The late President John F. Kennedy reportedly had an obsession against guerrilla warfare, and the trickle of alarmed studies on the subject that had begun to appear in imperialist circles after Dienbienphu became a veritable flood during his administration. Subsidized by the Pentagon and the State Department, this literature has sought to provide both ideology and drum-beating for a suppressionist and interventionist American Foreign policy.
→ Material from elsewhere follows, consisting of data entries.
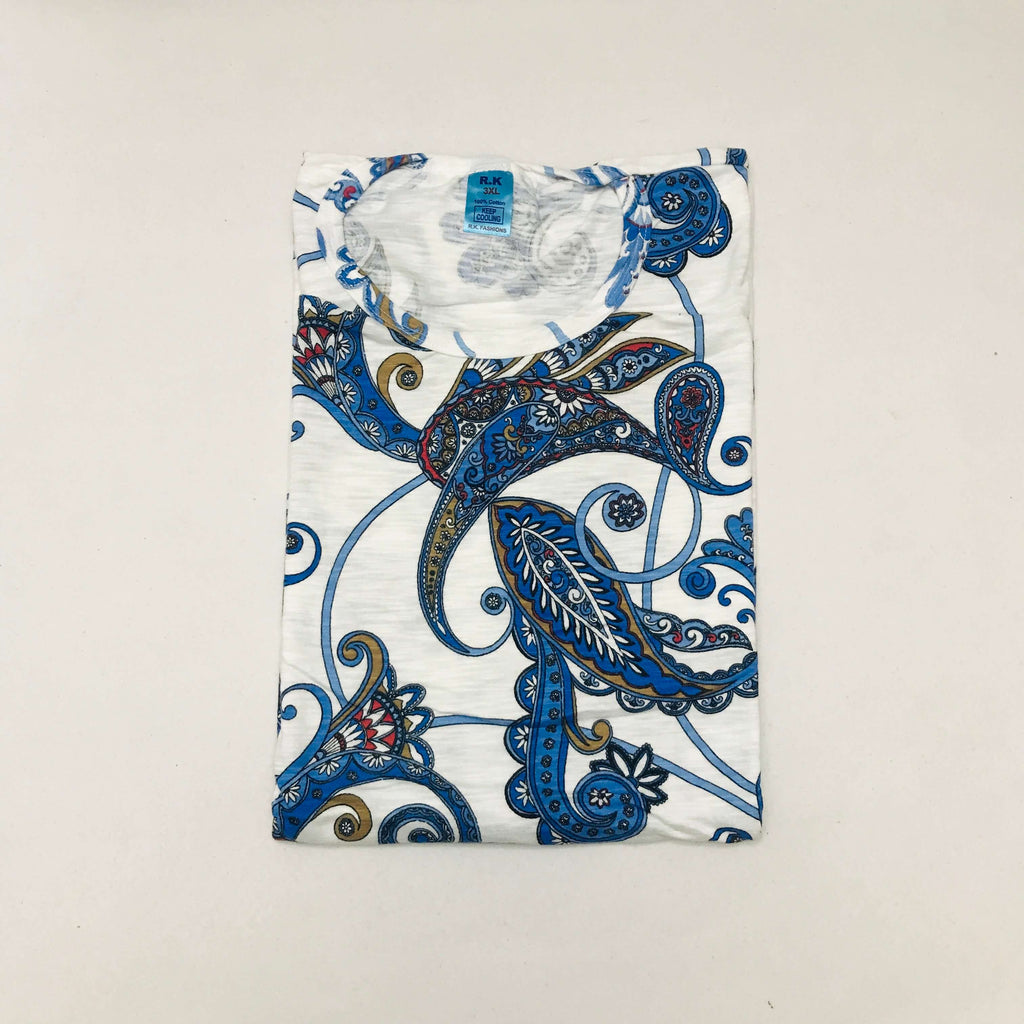 Ladies T-Shirt Combo (3XL)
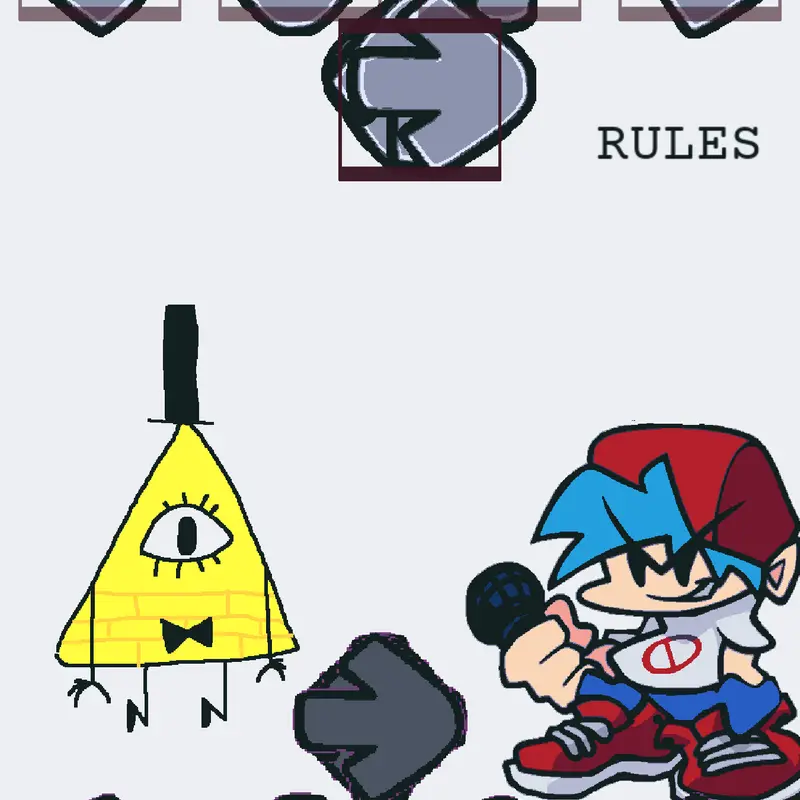 Game by @Enza0305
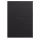 Művészeti rajztömb Clairefontaine Rhodia Touch A/5+ 50 lap 100g textilgerinccel fehér sima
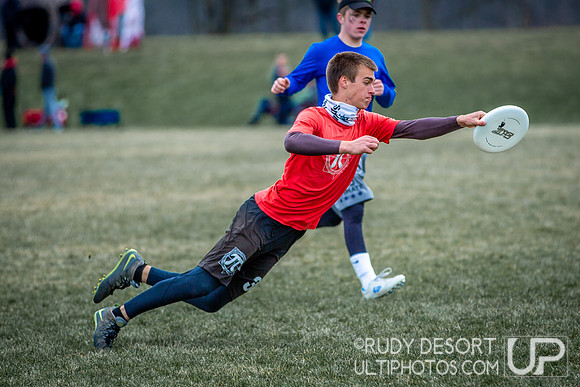 Indy Invite 2018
Unlike conventional military studies, which at least deal in the ponderables of a science, this series of treatises on the arts of suppression bog themselves down in the myths of propaganda rather than base themselves on objective fact.

James Eliot Cross is one of the myth-makers of the Pentagon’s complex of ‘research’, ‘development’, and ‘analysis’ agencies, and he is reportedly ‘a leading authority on unconventional warfare’. For a real understanding of guerrilla strategy and tactics one must go to Vo Nguyen Giap, Truong Chinh, Che Guevara or to Mao Tse-Tung. Cross has other things on his mind.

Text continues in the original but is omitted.